During preparations, Sprouse found her attorneys fighting every move she made, all the time telling her she could not win at trial. Furthermore, during the trial, prosecutors claimed that Sprouse signed illegal documents, but failed to point out that many of those documents had been approved by the banks and had been notarized even before Sprouse signed them.

You see, there is a difference between intentionally preparing false documents or signing documents someone else has prepared that are false. If Sprouse was guilty, then so were the appraisers, the bankers (and their lawyers) and everyone else in the pipeline.

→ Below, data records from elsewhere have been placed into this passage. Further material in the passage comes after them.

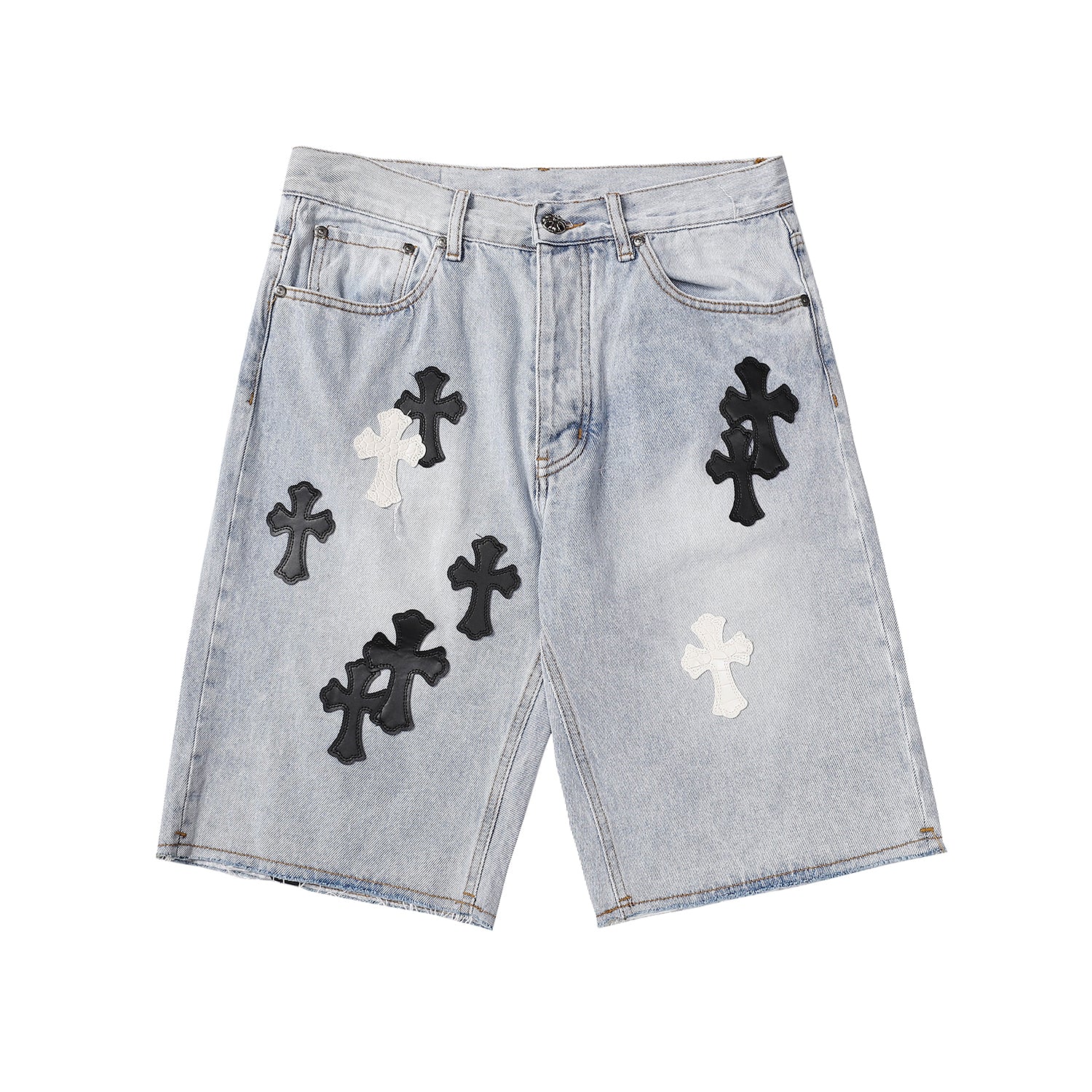 Chrome Hearts Denim Shorts
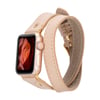 Bouletta Apple Watch Uyumlu Deri Kordon 42-44-45mm Slim DT GT NU1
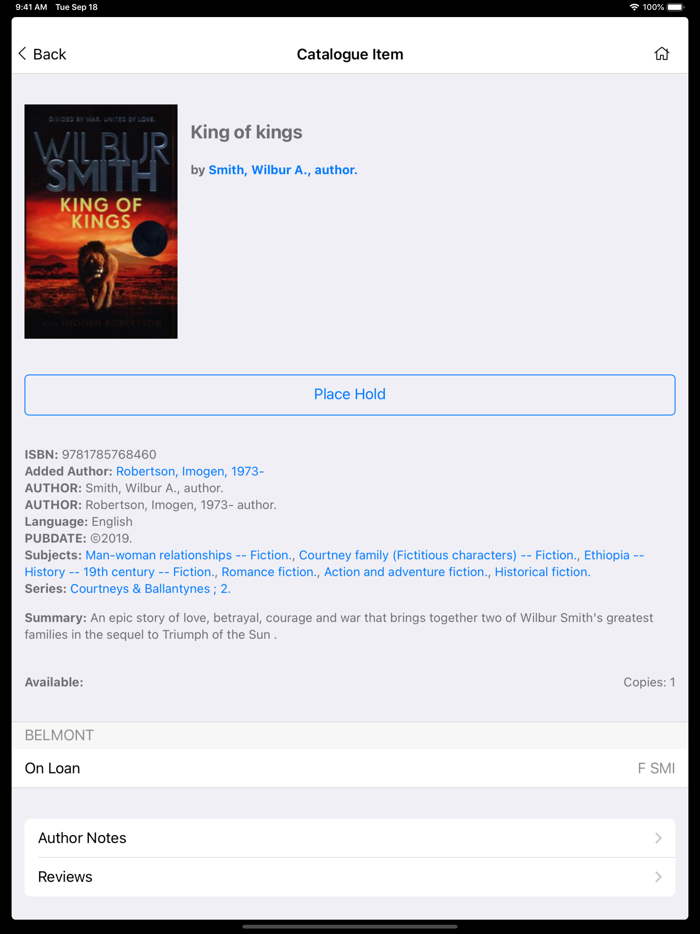 Ruth Faulkner Library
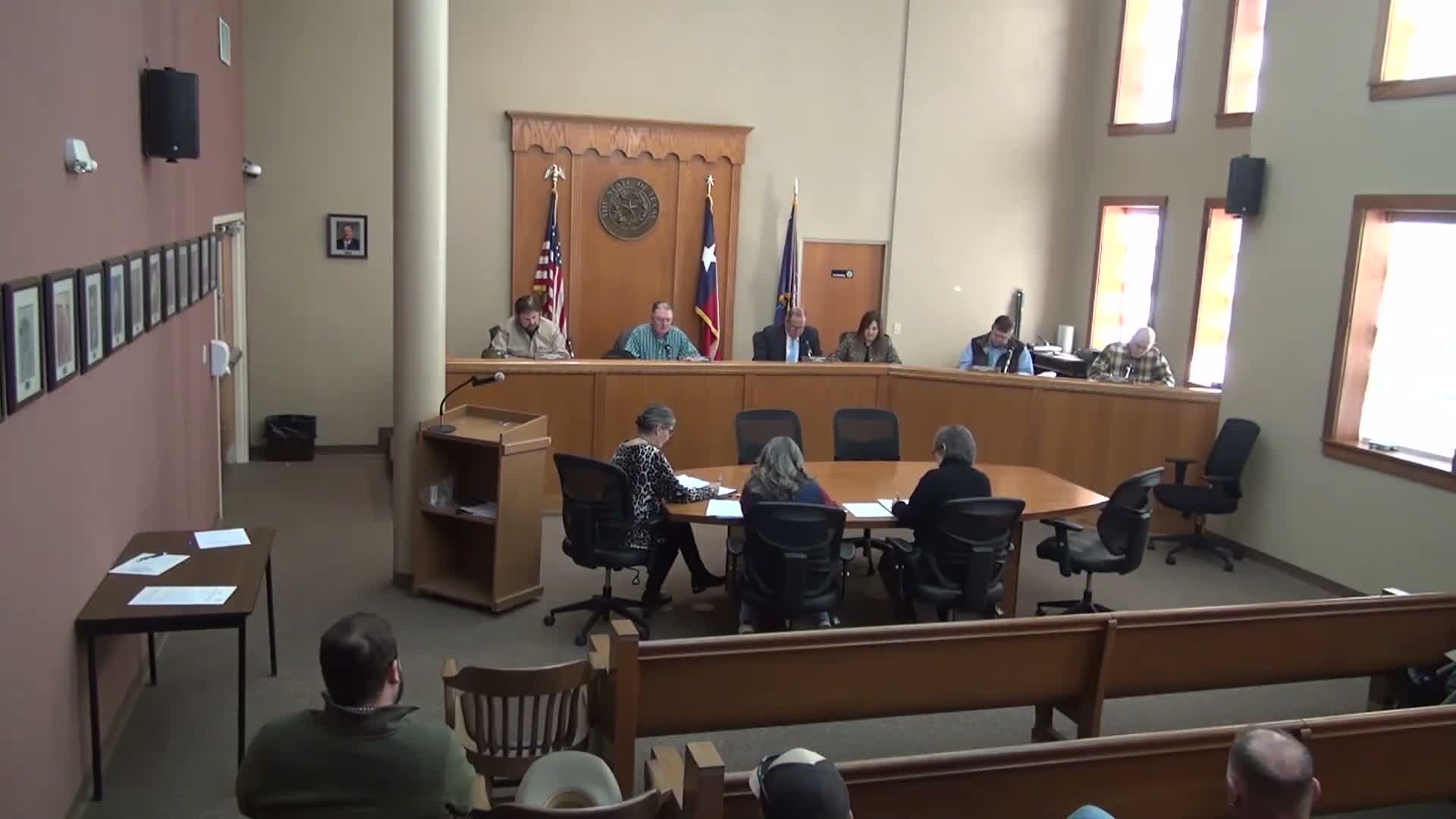 Titus County commissioners approve minutes, reports, payments and adjourn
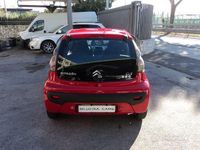 Usata Citroën C1 68 CV (50 kW) 2008 Rosso Utilitaria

The worshipful North Carolina press (the same media that treated Michael Nifong like a Greek God Avenger of Justice during the infamous Duke Lacrosse Case) also failed to let its news consumers know about another fact: the statute of limitations twice ran out on this case, and prosecutors asked Sprouse for a continuance both times.

Now, a person who knew he or she were guilty would have jumped at the chance to have the charges behind them. However, Sprouse believed she had a case for innocence and wanted that opportunity to demonstrate such in a court of law. (Well, we forget that federal courts long ago stopped being "courts of law," as they now are the fiefdoms of ambitious prosecutors.)

There were more falsehoods. The prosecution claimed that it was people like Sprouse who were responsible for the meltdown in the housing market; that simply is not true, and has been handled many times over on this page. Yet, time and again, we see federal prosecutors pulling out that hoary lie and convincing jurors that the reason for the meltdown was people like Vickie Sprouse instead of people like Alan Greenspan and others who created the housing bubble.

As a Charlotte TV station declared:

Prosecutors said she contributed to a wave of foreclosures in the Charlotte area, and that such frauds have played a significant role in the banking meltdown that has crippled the U.S. economy.

Interestingly, the prosecution never did present evidence of that statement during the trial. Yes, some of the properties which she helped close went into foreclosure, but if that is going to become a crime in the USA, then a lot of bankers, mortgage brokers, real estate agents, and attorneys are going to be filling the jails.

What we are seeing in the Sprouse conviction is the beginning of a coming wave in which business and financial failures are going to become criminalized. The last thing the government wants Americans to believe is that government policies — legal government policies (we are playing loose with "legal") — had anything to do with the economic meltdown that goes on around us.